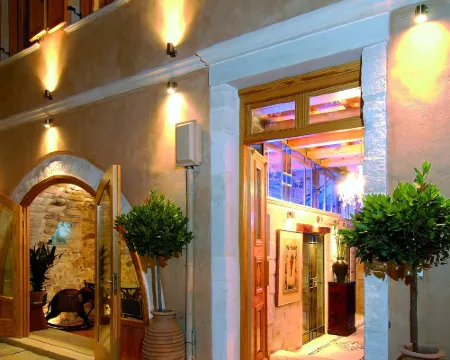 阿里公寓酒店 雷西姆農酒店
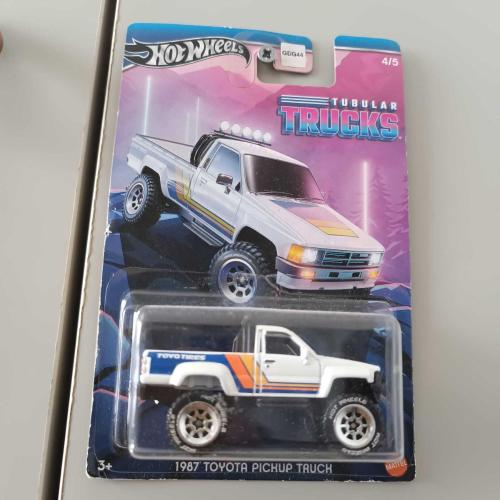 HOTWHEELS  1987 TOYOTA PICKUP TRUCK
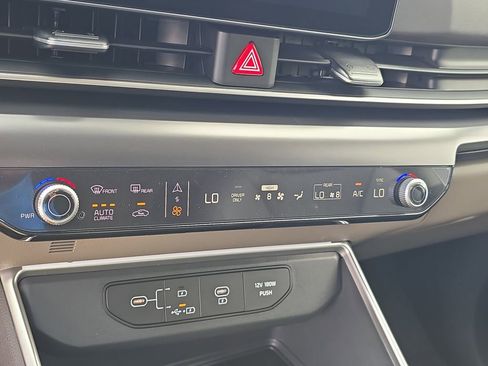 New 2026 Kia Carnival LXS FWD image 25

+--

Write out the whole listing exactly as it appears, and omit the pictures.

 阿里公寓酒店 雷西姆農酒店
 HOTWHEELS  1987 TOYOTA PICKUP TRUCK
 New 2026 Kia Carnival LXS FWD image 25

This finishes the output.